В традиции русского искусства он занимает особое место. Он вышел из Гоголя — из Гоголя первого периода, — и некоторые его рассказы сделали бы большую честь ‘Вечерам на хуторе близ Диканьки’. Но Толстой прошел для Короленко бесследно, быть может, для него одного из всех новых русских писателей. Он не пользовался теми художественными приемами, которые ввел в мировую литературу автор ‘Войны и мира’. Не соблазняли его и особенности чеховского творчества. Как Гоголь, он не любил краткости. Чехов и из ‘Сна Макара’ вы пустил бы не одну страницу, С другой стороны, некоторые черты старомодного искусства Короленко делают его родоначальником новой школы, — первым русским писателем двадцатого столетия. Как ‘пейзажист’, например, этот наследник Гоголя — прямой предшественник Бунина. Казалось бы, трудно было по-новому описывать русскую природу после Гончарова и Тургенева — Короленко описывал ее чрезвычайно своеобразно. Он превосходно сочетал ритмическую музыкальную фразу гоголевских картин с тем приемом выделения и точного вырисовывания деталей, которому новейшее русское искусство придало исключительную важность. Короленко описывал только то, что видел, и потому никогда не попадал впросак, как это случалось с величайшими мастерами слова. Древняя музыка пушкинских стихов: ‘Ночной зефир струит эфир, шумит, бежит Гвадалквивир’ — вызывает невольную улыбку у тех, кто видел своими глазами речонку-лужу, именуемую Гвадалквивиром. То же самое относится к знаменитому двустишию Лермонтова ‘у вод ли чистых Иордана востока луч тебя ласкал’: узенькая лента прелестной палестинской реки на самом деле илисто-желтого, мутно-золотого цвета. Лермонтов не видел Иордана, а Пушкин не бывал в Испании. Короленко знал превосходно малороссийскую и сибирскую природу.
Прекрасен был его стиль, одинаково чуждый фокусов модернистской литературы и непременной погони за столетней древностью каждого слова. Это совершенно простой, как будто обыкновенный разговорный язык, почти всегда свободный, однако, от избитых и неправильных выражений интеллигентского жаргона. Очень трудно теперь охранять простоту от банальности, когда читаешь ежедневно по несколько газетных передовых.
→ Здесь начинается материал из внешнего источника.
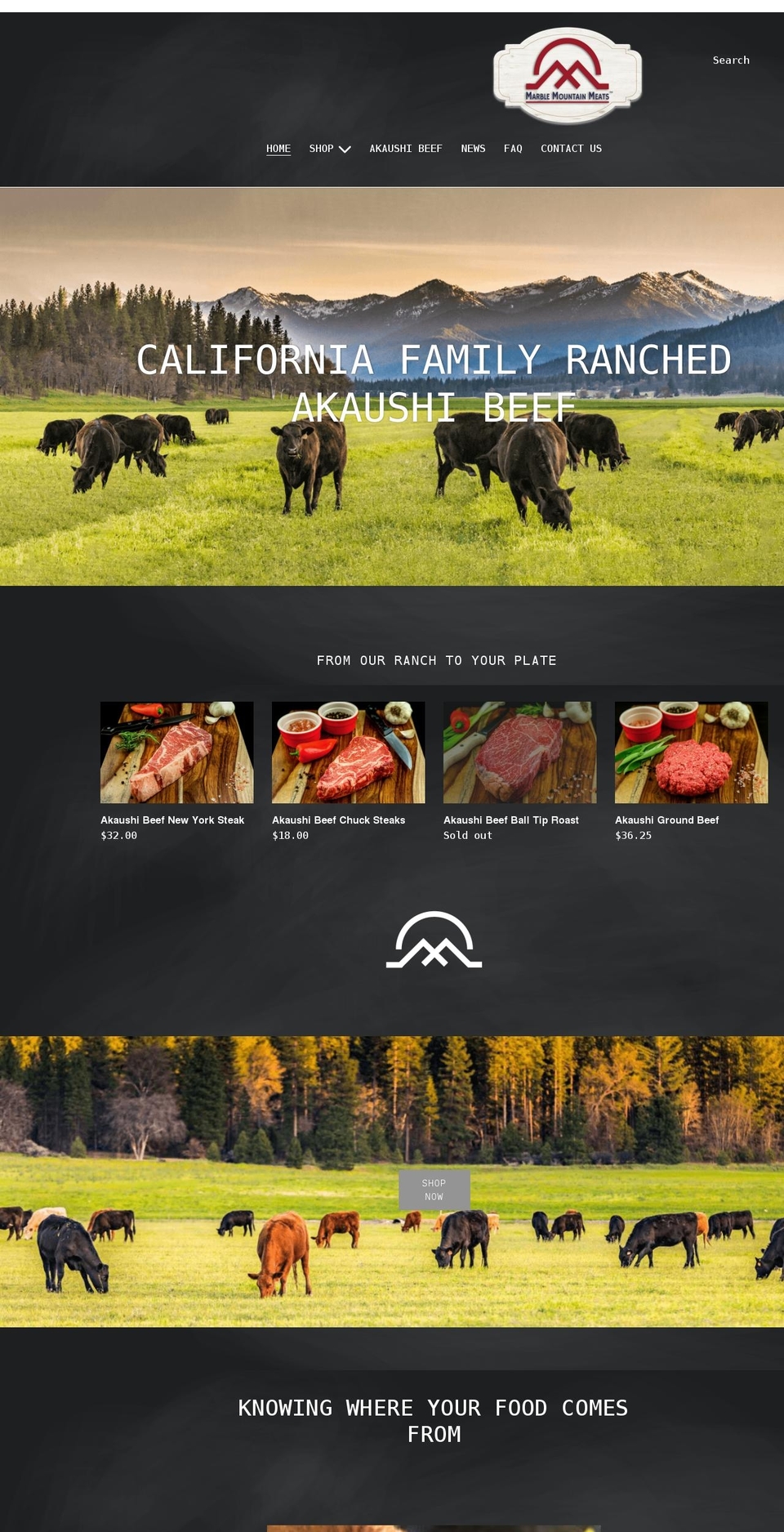 marblemountainmeats.com shopify website screenshot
А он не только читал, но и писал газетные передовые — и писал их прекрасно.
Что сказать о его шести письмах к Луначарскому, печатаемых в настоящей книге ‘Современных записок’? Очень незлобивую душу, очень большую веру в силу и спасительность слова нужно было иметь для того, чтобы вступить в подобную переписку с Луначарским!.. В этих письмах Короленко мы видим облик прекрасного человека, уже стоящего над краем могилы и не желающего уходить из мира со словами ненависти на устах…
Большевики устроили ему пышные похороны — почти такие же пышные, как Свердлову, Урицкому или Володарскому. Луначарский написал некролог, Демьян Бедный — лирическое стихотворение, Зиновьев произнес соответствующую речь, вероятно, какому-нибудь передовому скульптору кубисту или имажинисту (кажется, есть такие?), будет заказан памятник. Недостает только надгробного парада Вохры… Недавно выпущенный из тюрьмы ‘смертник’ В. Я. Мякотин и другие ближайшие друзья покойного писателя, разумеется, не принимают участия в этом издевательстве над чистой могилой. Они лишены возможности отдать последний долг Владимиру Галактионовичу, и не выйдет книга ‘Русского богатства’, посвященная памяти старого редактора…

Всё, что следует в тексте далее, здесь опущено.